TASK GOAL: Transcribe, exactly and without pictures, the lines below from the line with "maxiy_001 live sex cam" to the line with "227 Robert Drive, North", both ends included, and no others.

ENTRIES SUPPLIED:
- - -

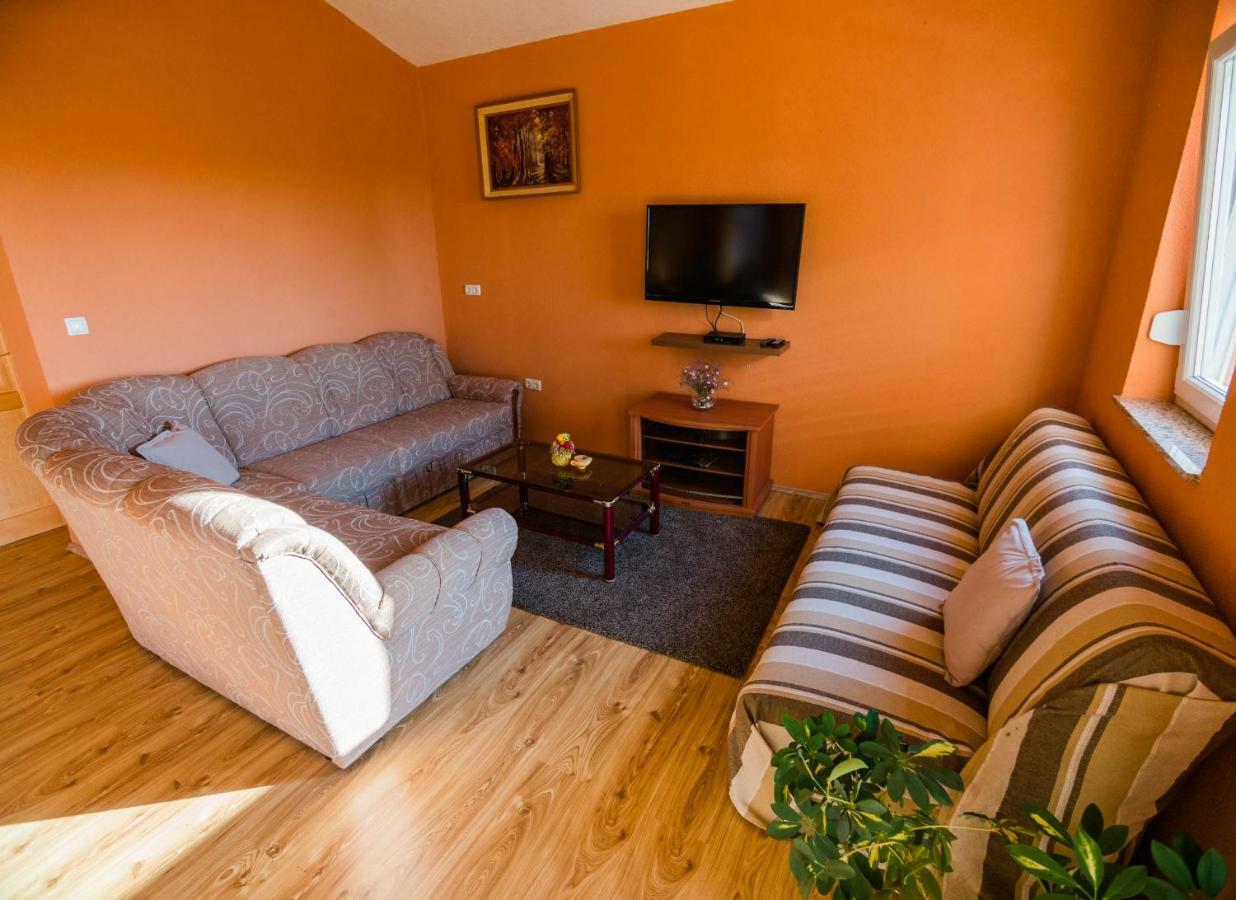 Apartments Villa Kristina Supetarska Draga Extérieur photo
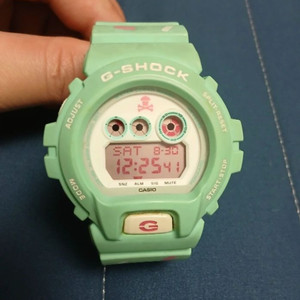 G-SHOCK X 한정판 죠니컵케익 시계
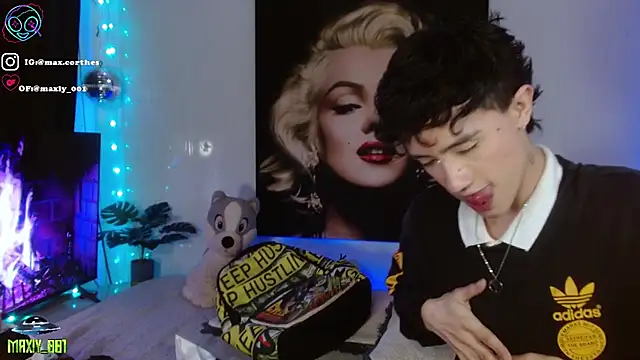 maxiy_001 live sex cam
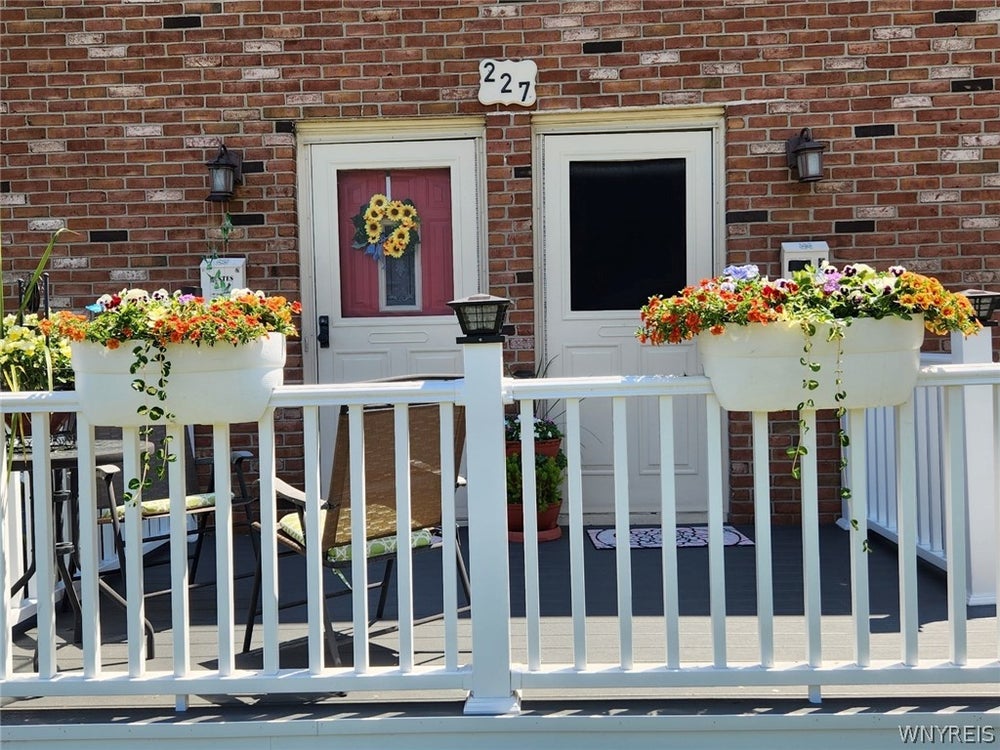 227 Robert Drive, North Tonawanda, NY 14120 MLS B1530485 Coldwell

- - -

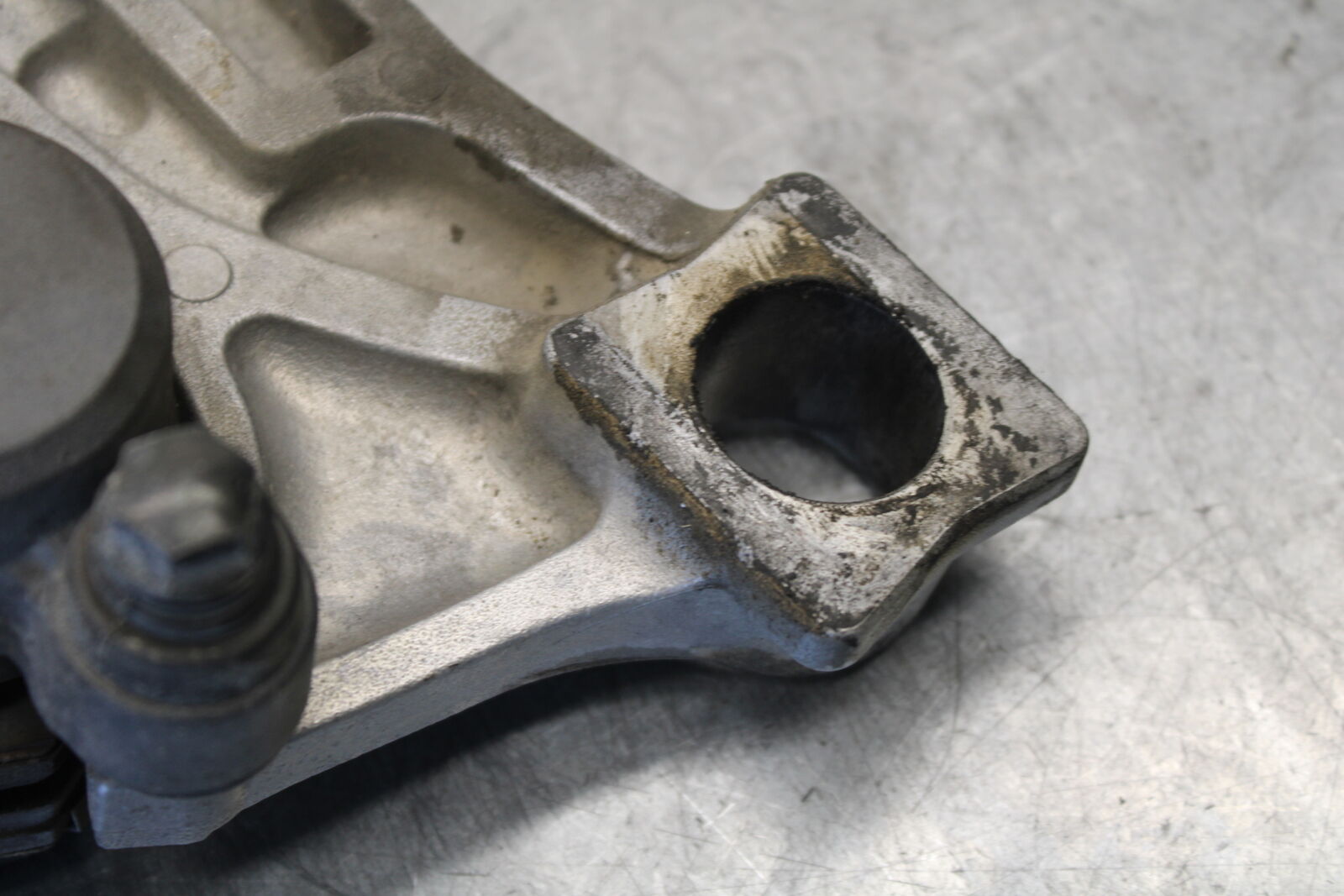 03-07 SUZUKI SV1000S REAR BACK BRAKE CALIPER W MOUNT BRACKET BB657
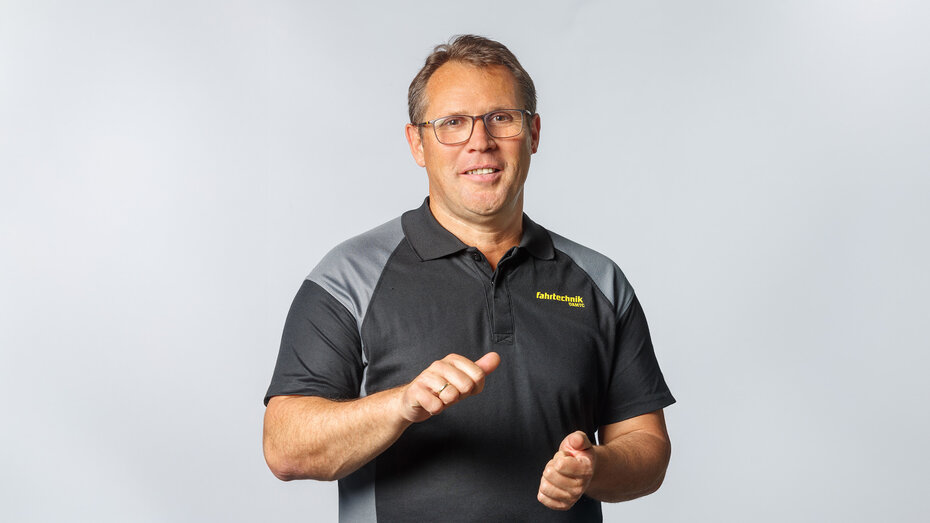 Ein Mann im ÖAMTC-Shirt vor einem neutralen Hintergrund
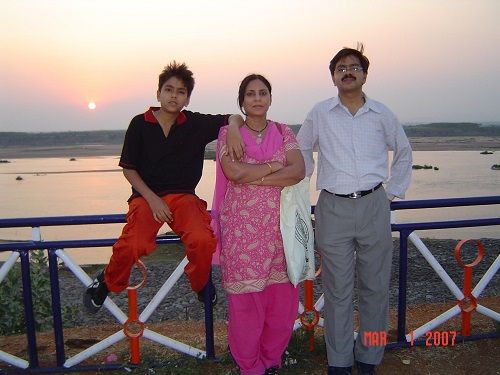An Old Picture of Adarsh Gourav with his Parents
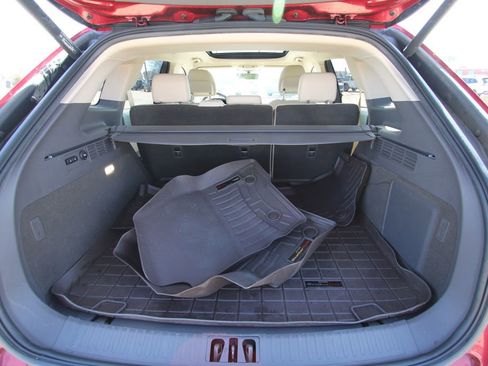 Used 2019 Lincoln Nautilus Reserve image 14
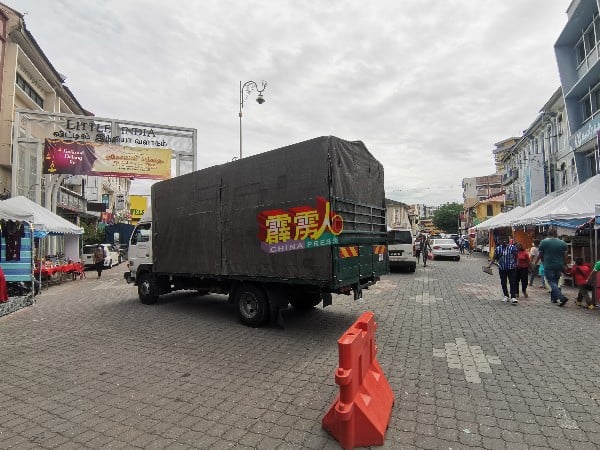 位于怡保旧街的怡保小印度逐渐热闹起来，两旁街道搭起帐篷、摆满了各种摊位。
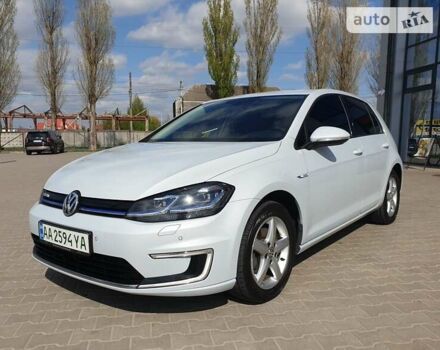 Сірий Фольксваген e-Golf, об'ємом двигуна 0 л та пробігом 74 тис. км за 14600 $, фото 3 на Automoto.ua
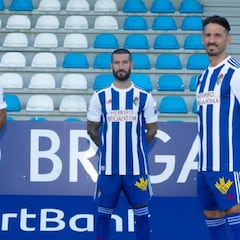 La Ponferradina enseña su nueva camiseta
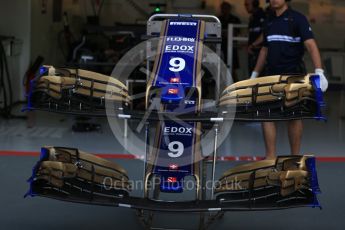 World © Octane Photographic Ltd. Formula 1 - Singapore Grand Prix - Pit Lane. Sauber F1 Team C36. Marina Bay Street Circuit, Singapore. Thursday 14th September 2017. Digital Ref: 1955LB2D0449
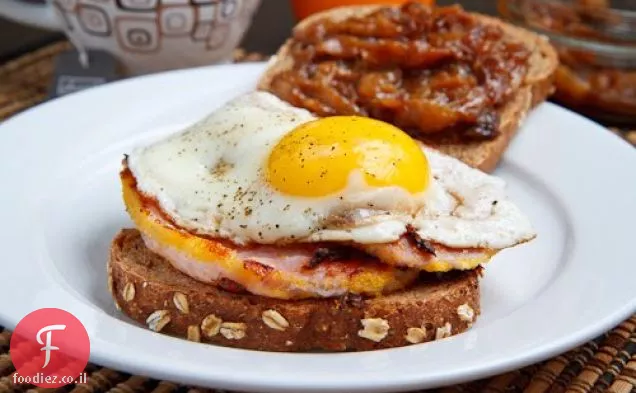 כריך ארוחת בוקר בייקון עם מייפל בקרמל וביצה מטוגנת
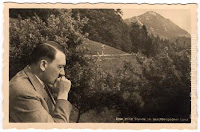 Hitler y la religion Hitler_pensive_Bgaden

- - -

WRITTEN ANSWER:
 maxiy_001 live sex cam
 227 Robert Drive, North Tonawanda, NY 14120 MLS B1530485 Coldwell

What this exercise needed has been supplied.